[Provided information Boundary: Start]

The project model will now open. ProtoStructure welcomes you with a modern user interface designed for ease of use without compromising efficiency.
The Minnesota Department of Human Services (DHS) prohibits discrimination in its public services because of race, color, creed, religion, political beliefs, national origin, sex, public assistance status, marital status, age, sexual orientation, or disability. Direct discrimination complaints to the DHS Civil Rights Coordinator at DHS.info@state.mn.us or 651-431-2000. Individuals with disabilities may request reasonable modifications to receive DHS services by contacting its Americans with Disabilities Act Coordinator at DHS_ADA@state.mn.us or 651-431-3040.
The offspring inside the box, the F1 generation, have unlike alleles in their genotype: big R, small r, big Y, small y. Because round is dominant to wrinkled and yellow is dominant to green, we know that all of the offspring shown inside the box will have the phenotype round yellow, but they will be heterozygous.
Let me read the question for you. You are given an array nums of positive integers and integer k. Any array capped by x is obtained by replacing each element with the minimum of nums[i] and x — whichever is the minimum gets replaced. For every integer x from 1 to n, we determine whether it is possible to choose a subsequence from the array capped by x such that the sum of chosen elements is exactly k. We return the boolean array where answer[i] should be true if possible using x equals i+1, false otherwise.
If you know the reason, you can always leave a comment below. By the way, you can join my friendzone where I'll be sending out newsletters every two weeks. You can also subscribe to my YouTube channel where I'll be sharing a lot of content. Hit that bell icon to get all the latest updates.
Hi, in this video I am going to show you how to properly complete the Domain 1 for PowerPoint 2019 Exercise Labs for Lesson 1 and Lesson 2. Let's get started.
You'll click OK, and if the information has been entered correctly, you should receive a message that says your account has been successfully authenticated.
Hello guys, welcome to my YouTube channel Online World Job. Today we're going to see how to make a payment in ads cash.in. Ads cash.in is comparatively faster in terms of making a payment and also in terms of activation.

[Provided information Boundary: End]
[Provided information Boundary: Start]

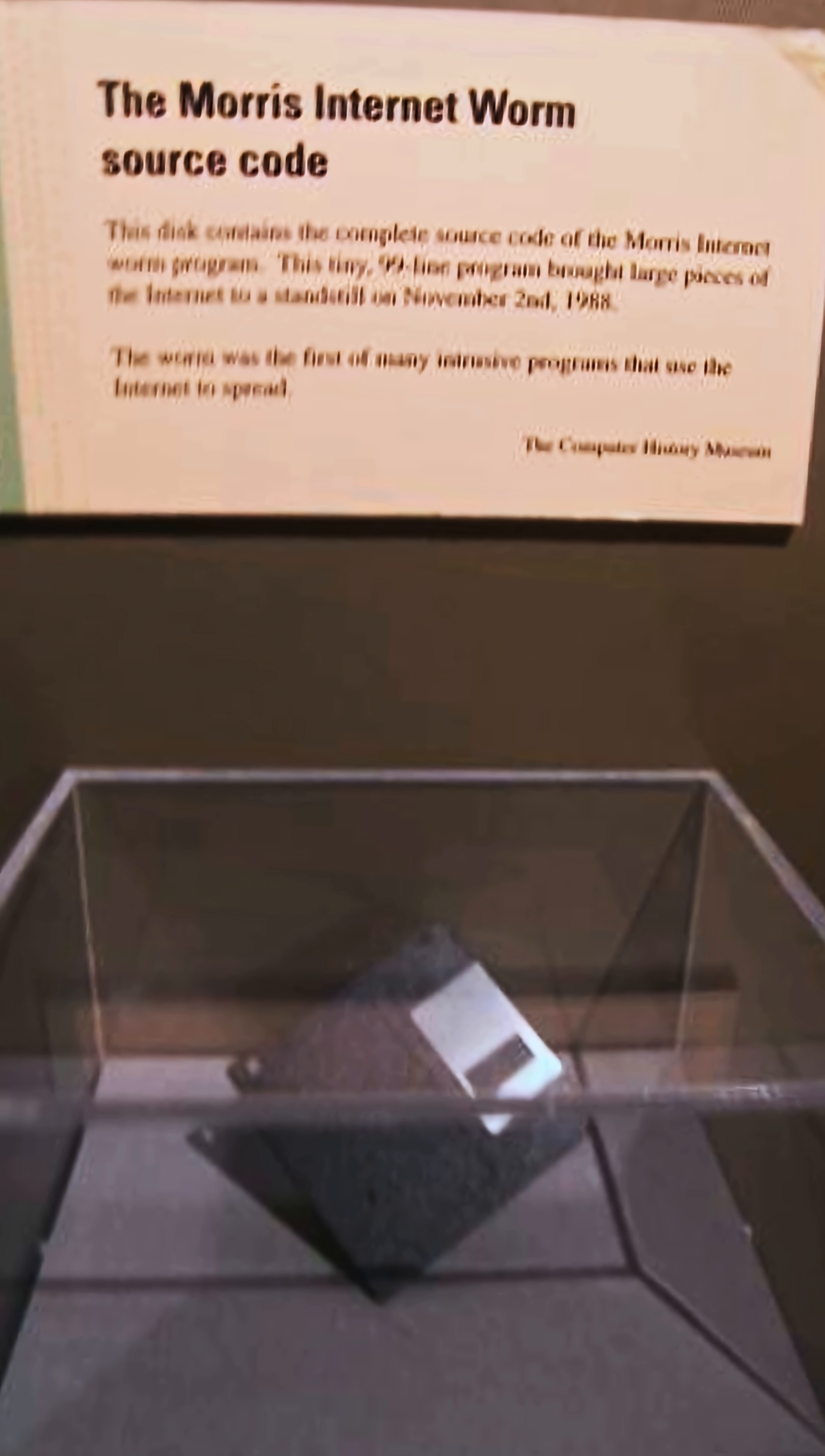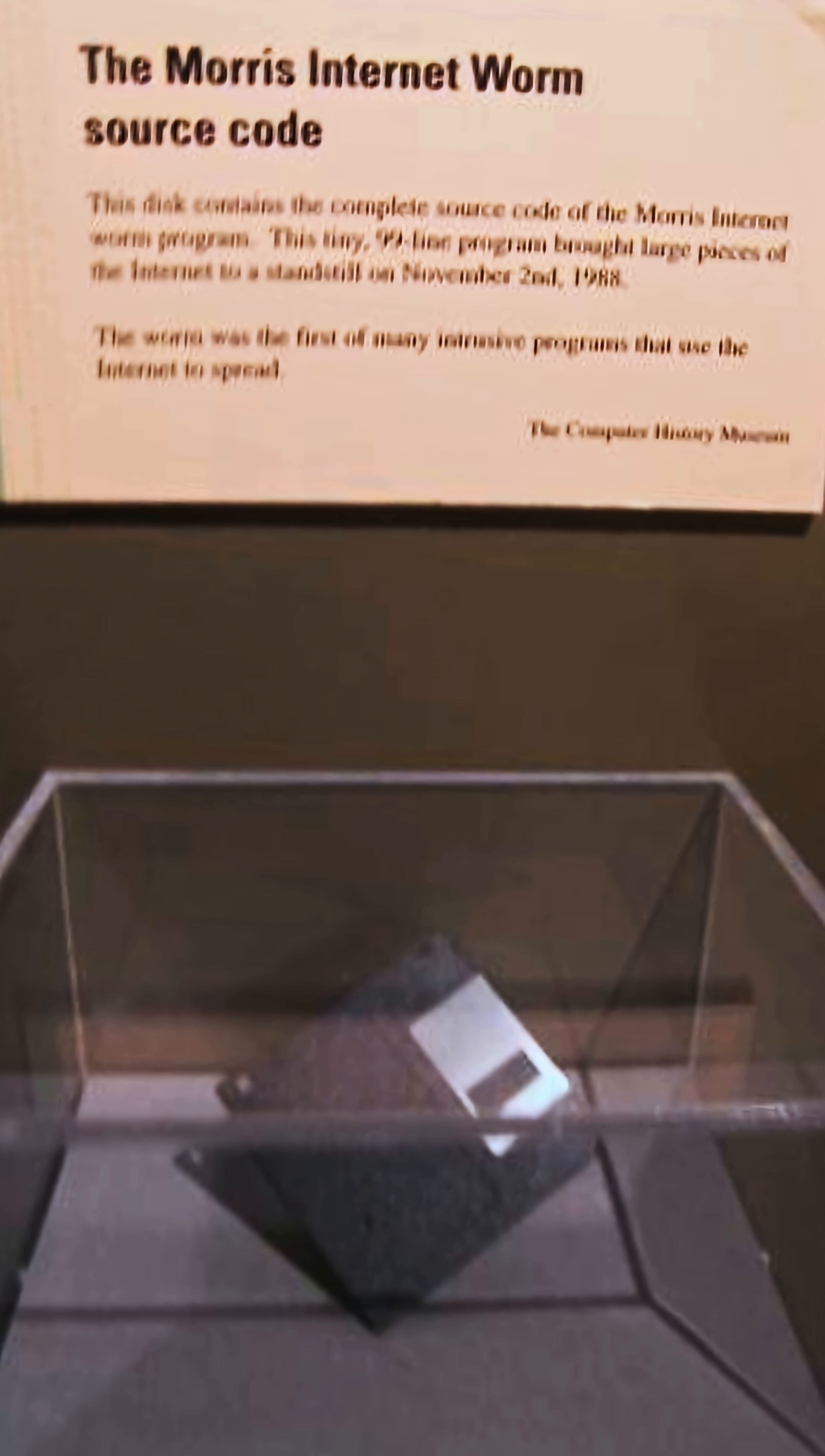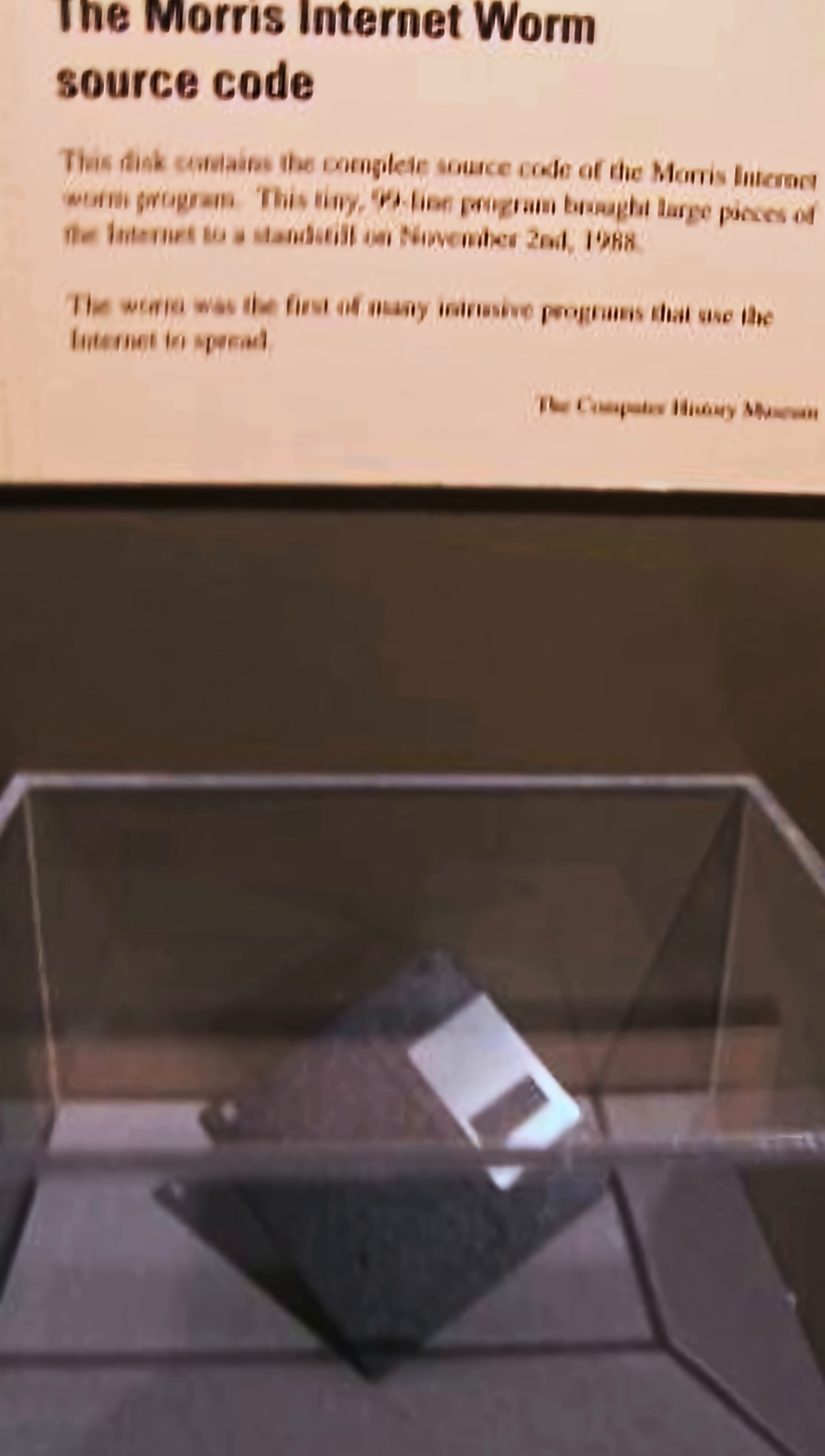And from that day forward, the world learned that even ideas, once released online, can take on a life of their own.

[Provided information Boundary: End]

**Task to carry out:**
What you give back must be the stretch above, starting at the line with "The project model" and ending at the line with "You'll click OK, and", copied exactly.

**Response to this task:**
The project model will now open. ProtoStructure welcomes you with a modern user interface designed for ease of use without compromising efficiency.
The Minnesota Department of Human Services (DHS) prohibits discrimination in its public services because of race, color, creed, religion, political beliefs, national origin, sex, public assistance status, marital status, age, sexual orientation, or disability. Direct discrimination complaints to the DHS Civil Rights Coordinator at DHS.info@state.mn.us or 651-431-2000. Individuals with disabilities may request reasonable modifications to receive DHS services by contacting its Americans with Disabilities Act Coordinator at DHS_ADA@state.mn.us or 651-431-3040.
The offspring inside the box, the F1 generation, have unlike alleles in their genotype: big R, small r, big Y, small y. Because round is dominant to wrinkled and yellow is dominant to green, we know that all of the offspring shown inside the box will have the phenotype round yellow, but they will be heterozygous.
Let me read the question for you. You are given an array nums of positive integers and integer k. Any array capped by x is obtained by replacing each element with the minimum of nums[i] and x — whichever is the minimum gets replaced. For every integer x from 1 to n, we determine whether it is possible to choose a subsequence from the array capped by x such that the sum of chosen elements is exactly k. We return the boolean array where answer[i] should be true if possible using x equals i+1, false otherwise.
If you know the reason, you can always leave a comment below. By the way, you can join my friendzone where I'll be sending out newsletters every two weeks. You can also subscribe to my YouTube channel where I'll be sharing a lot of content. Hit that bell icon to get all the latest updates.
Hi, in this video I am going to show you how to properly complete the Domain 1 for PowerPoint 2019 Exercise Labs for Lesson 1 and Lesson 2. Let's get started.
You'll click OK, and if the information has been entered correctly, you should receive a message that says your account has been successfully authenticated.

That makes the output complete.